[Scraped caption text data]
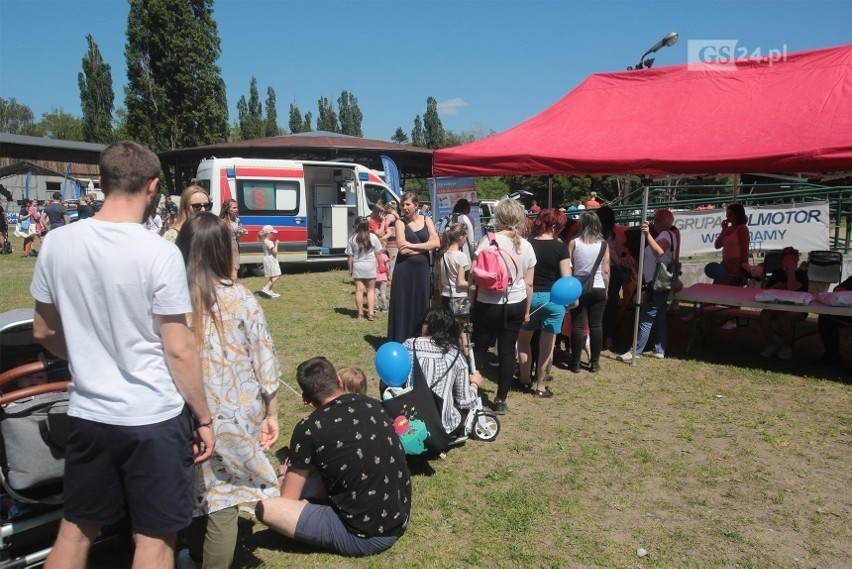 Dzień Dziecka w Stajni Akademickiego Ośrodka Jeździeckiego ZUT w Szczecinie. Zobacz, jakie atrakcje czekają najmłodszych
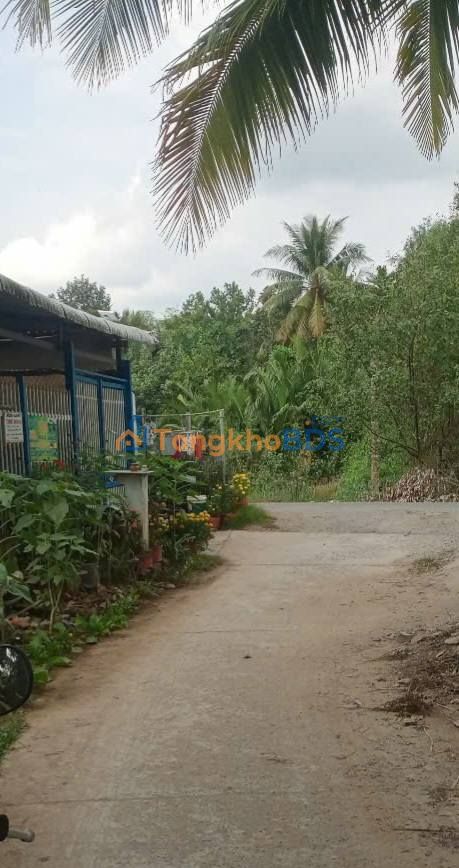 Bán Đất Cầu Kè Trà Vinh 431.9m² - Sổ Hồng Cây Lâu Năm, Giá Tốt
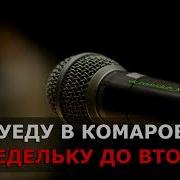 Комарово Минус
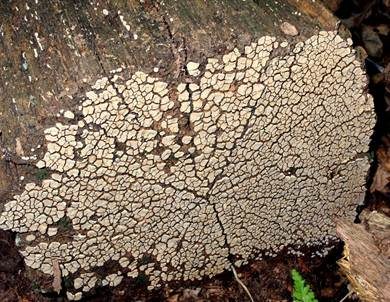 Mosaikschichtpilz, Foto 3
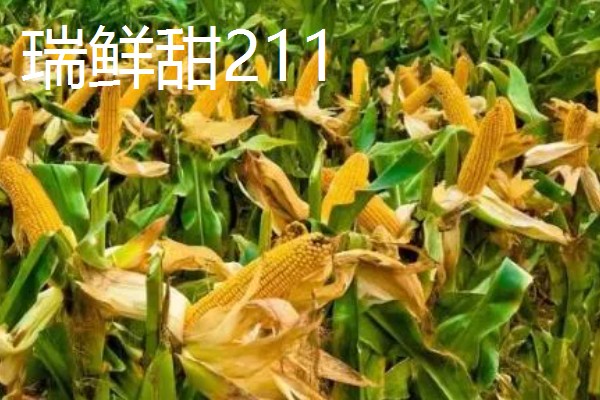 甜玉米有什么好品种,浙甜19、金冠218等品种可以选择
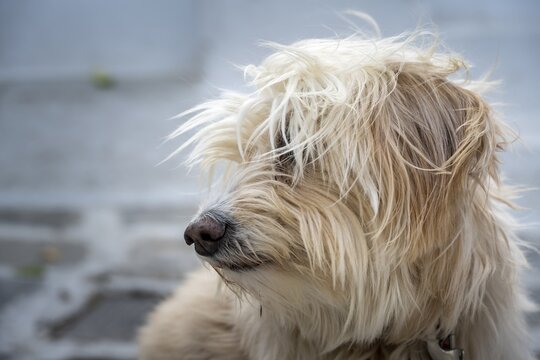 Shaggy dog with fur in front of face, Paros, Cyclades, Aegean Sea, Greece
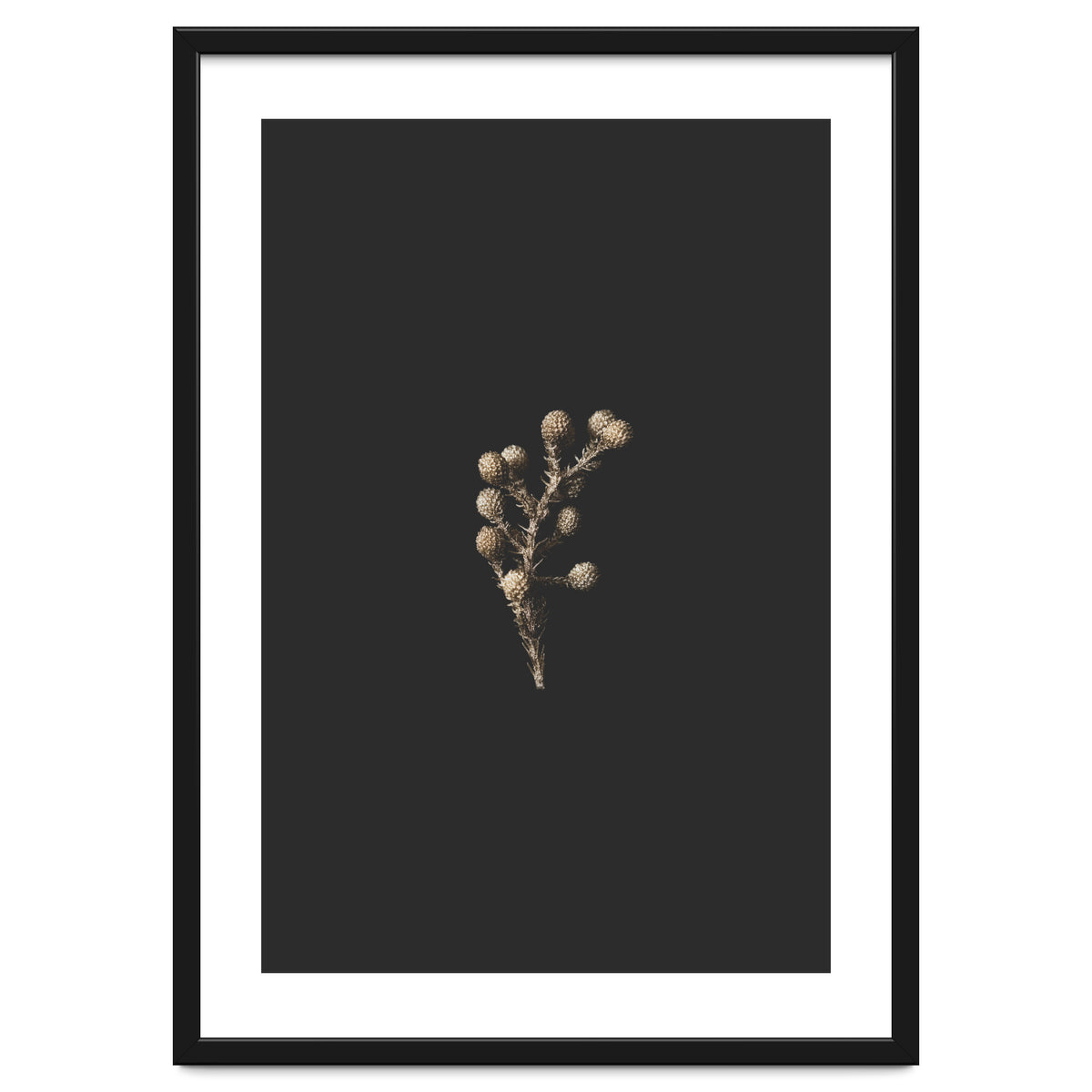 Gold Drops Botanicals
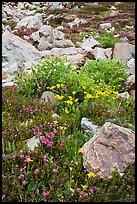 Alpine flowers and rocks. Yosemite National Park, California, USA. (color)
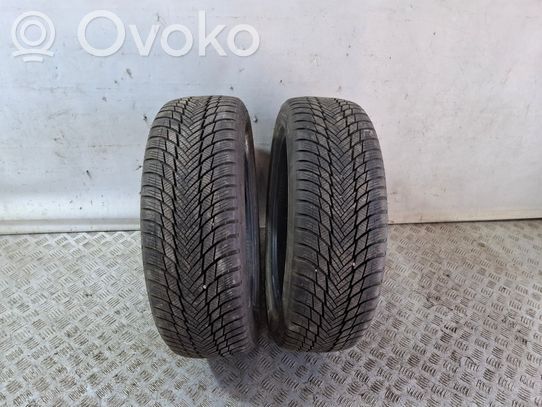 R19-talvirengas   20555R19,BRIDGESTONE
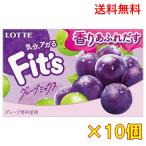 ロッテ Fit's（フィッツ）グレープミックス 12枚×10個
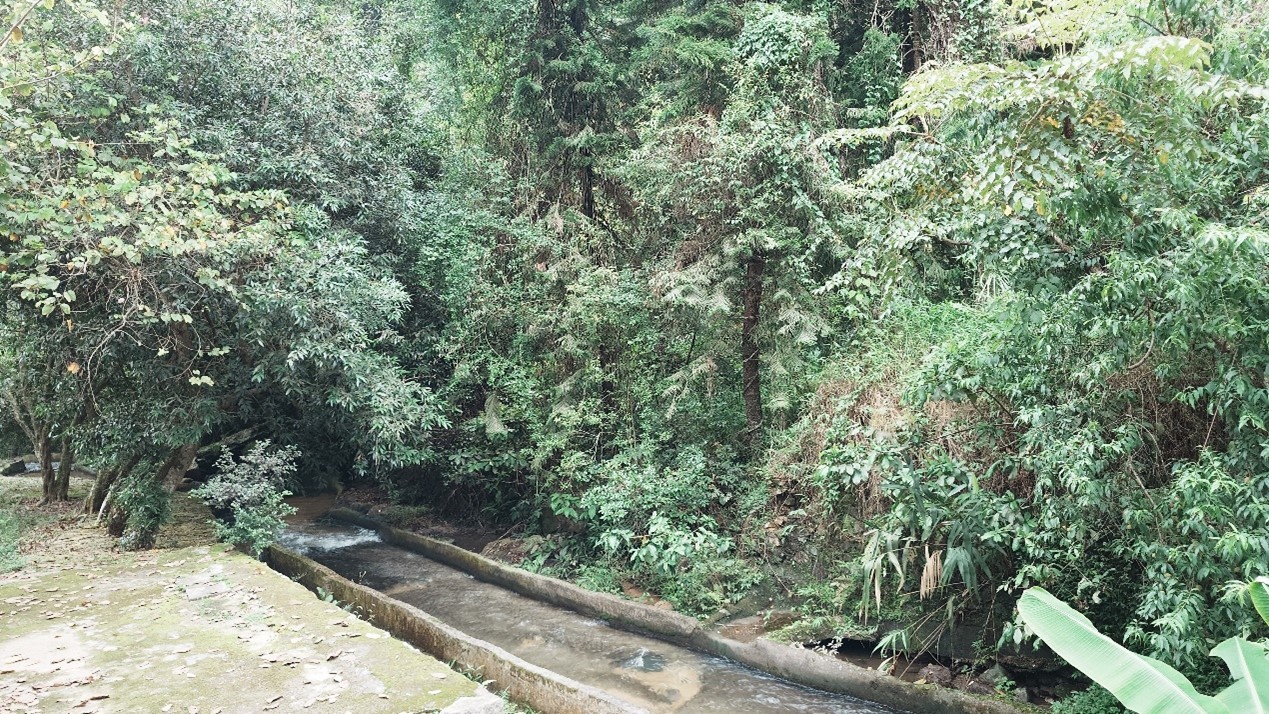 桂山风景区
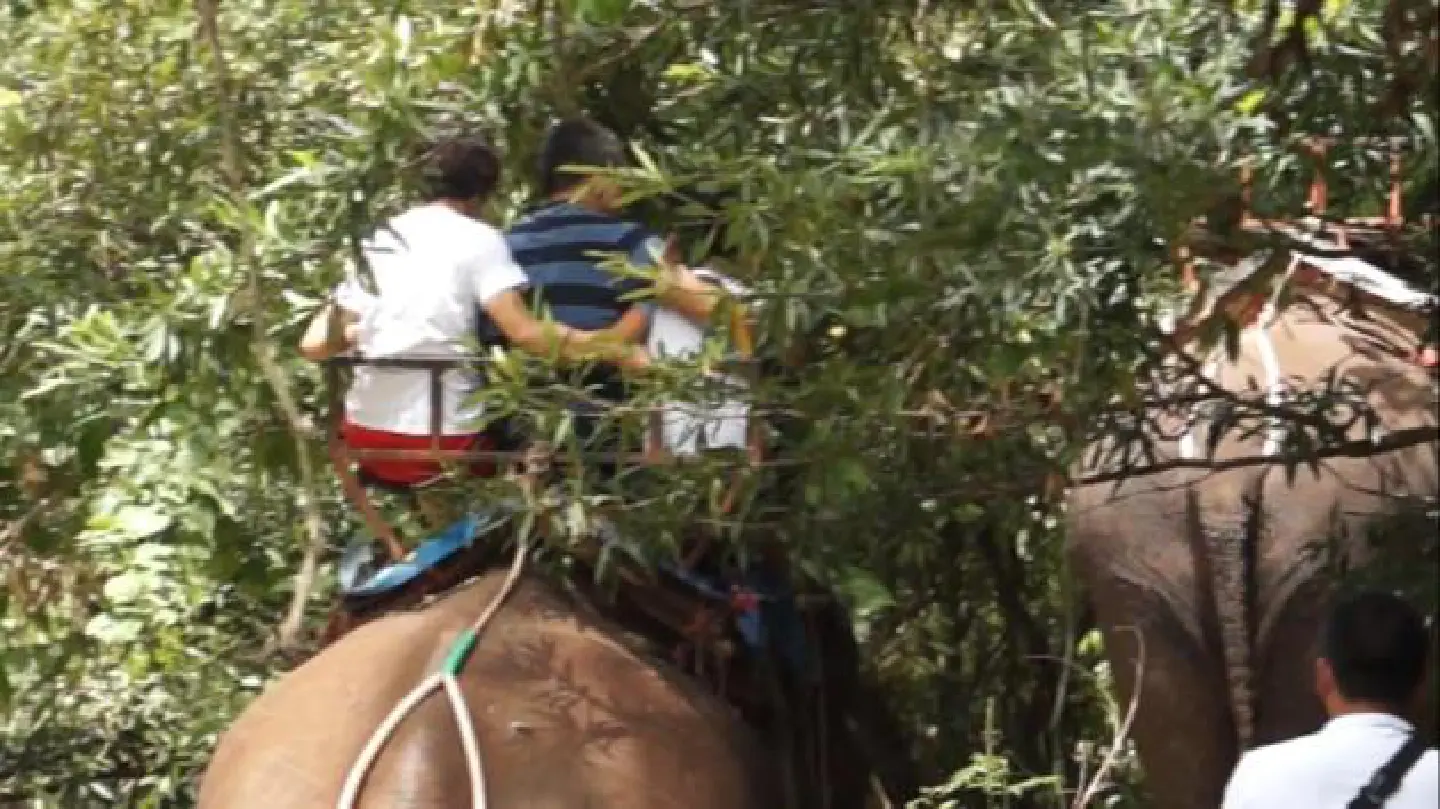 Jumbo kills mahout, runs off with tourists Jumbo kills mahout, runs off with tourists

▶ [TASK OBJECTIVE] Extract the run of lines beginning with the line that holds "Gold Drops Botanicals" and ending at the last line of the data, inclusive. Exclude any pictures from the copy.

▶ [WRITTEN REPLY]
 Gold Drops Botanicals
 Alpine flowers and rocks. Yosemite National Park, California, USA. (color)
 R19-talvirengas   20555R19,BRIDGESTONE
 ロッテ Fit's（フィッツ）グレープミックス 12枚×10個
 桂山风景区
 Jumbo kills mahout, runs off with tourists Jumbo kills mahout, runs off with tourists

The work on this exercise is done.